BEGIN Input

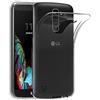 MaiJin Custodia per LG K10 (5,3 Pollici) Morbido TPU Cover Cristallo di Rocca Trasparente Anti Scivolo Protezione Posteriore Cover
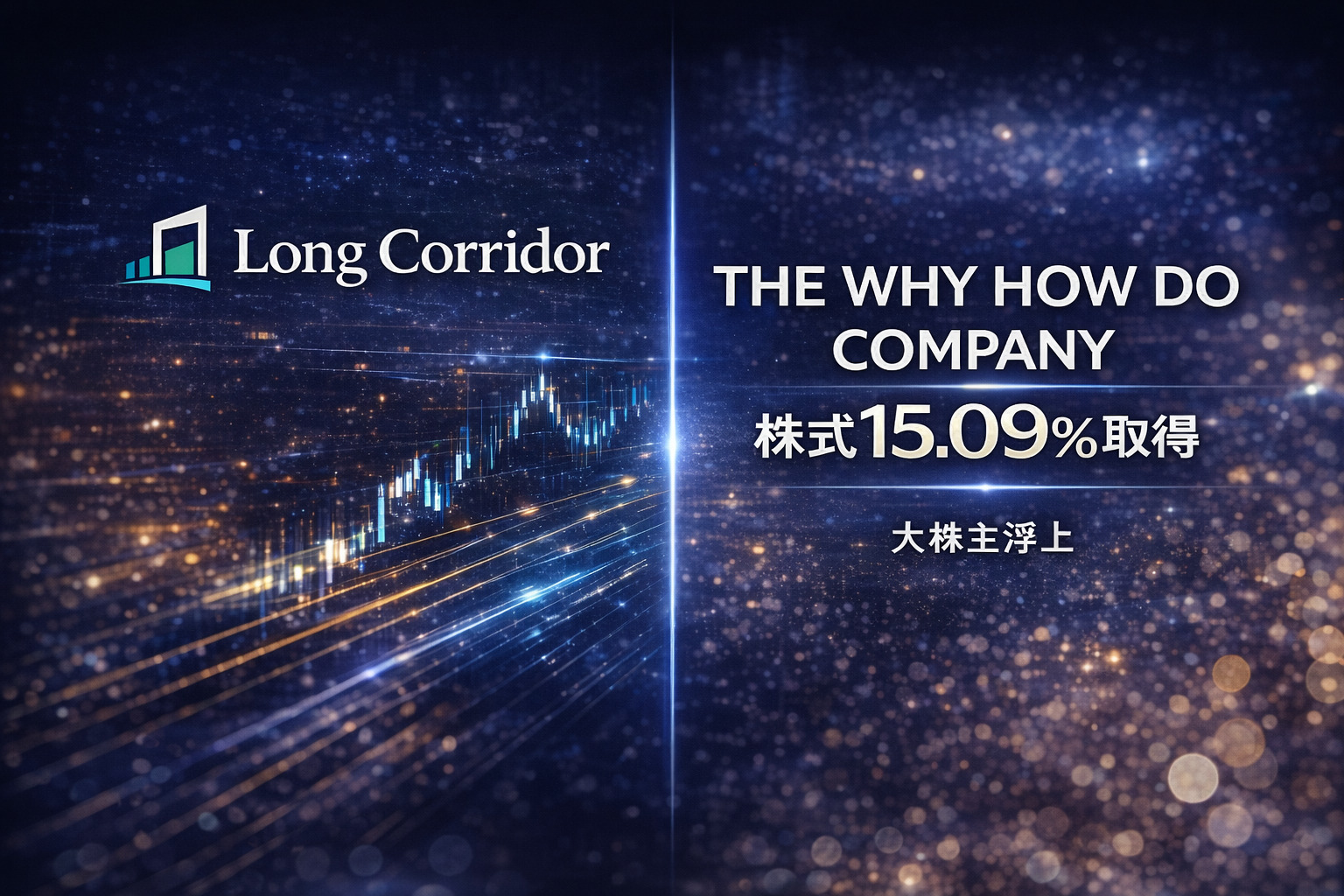 Long Corridor、THE WHY HOW DO COMPANY株式15.09％を取得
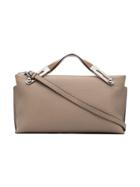 Loewe Grey Missy Small Leather Bag - Neutrals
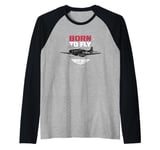 Top Gun Maverick P-51 Mustang Born To Fly Raglan Baseball Tee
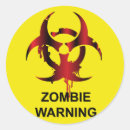 Search for zombie warning stickers Funny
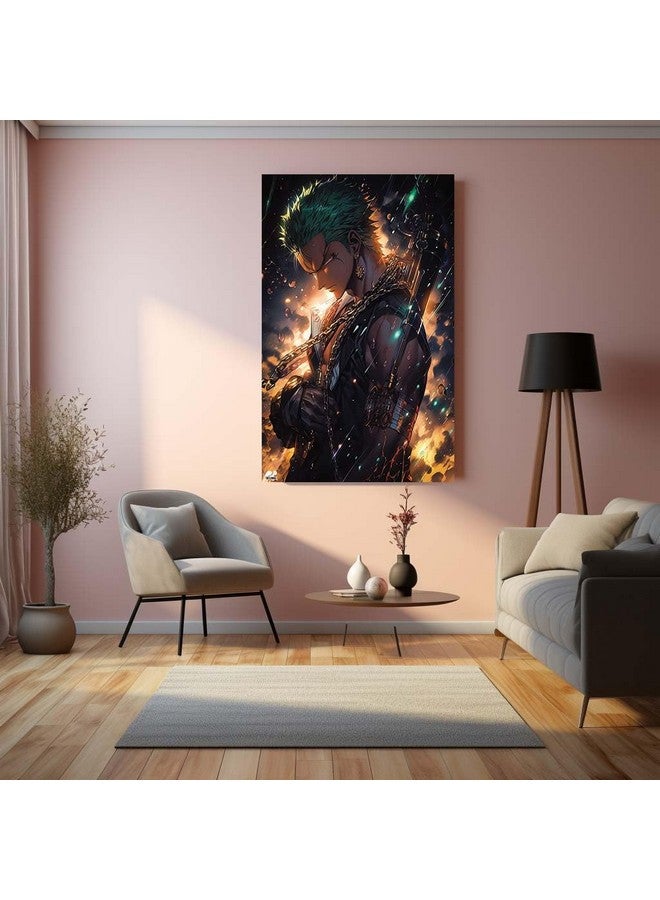 TURTLEWINGS Swordsman's Might: Zoro Collection HD Metal Print (12 * 8 Inches) - Image 3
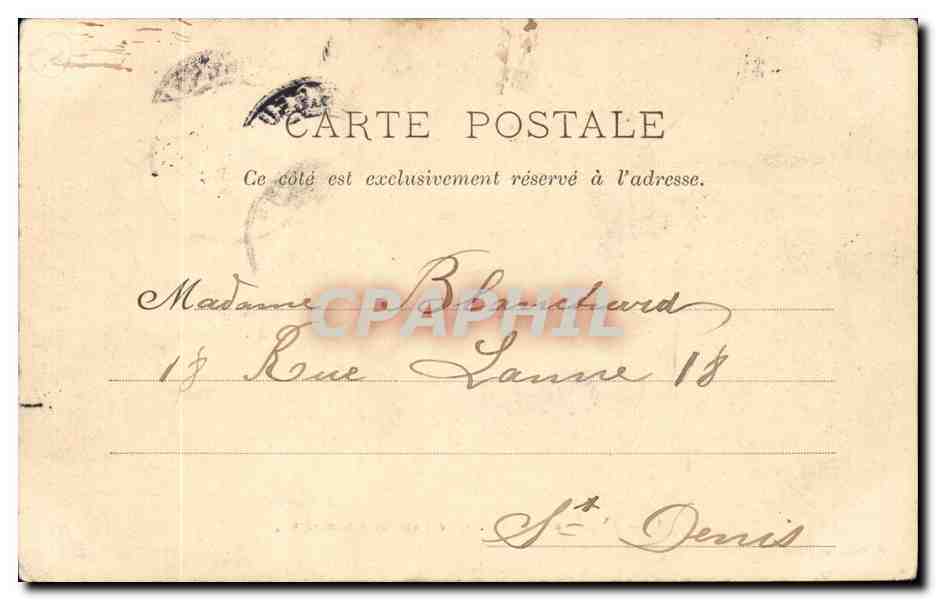 Nogent sur Marne CPA Le pont de Champigny — Back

END Input

Restate each record from above word for word, excluding any picture it holds.

 MaiJin Custodia per LG K10 (5,3 Pollici) Morbido TPU Cover Cristallo di Rocca Trasparente Anti Scivolo Protezione Posteriore Cover
 Long Corridor、THE WHY HOW DO COMPANY株式15.09％を取得
 Loewe Grey Missy Small Leather Bag - Neutrals
 Top Gun Maverick P-51 Mustang Born To Fly Raglan Baseball Tee
 Search for zombie warning stickers Funny
 TURTLEWINGS Swordsman's Might: Zoro Collection HD Metal Print (12 * 8 Inches) - Image 3
 Nogent sur Marne CPA Le pont de Champigny — Back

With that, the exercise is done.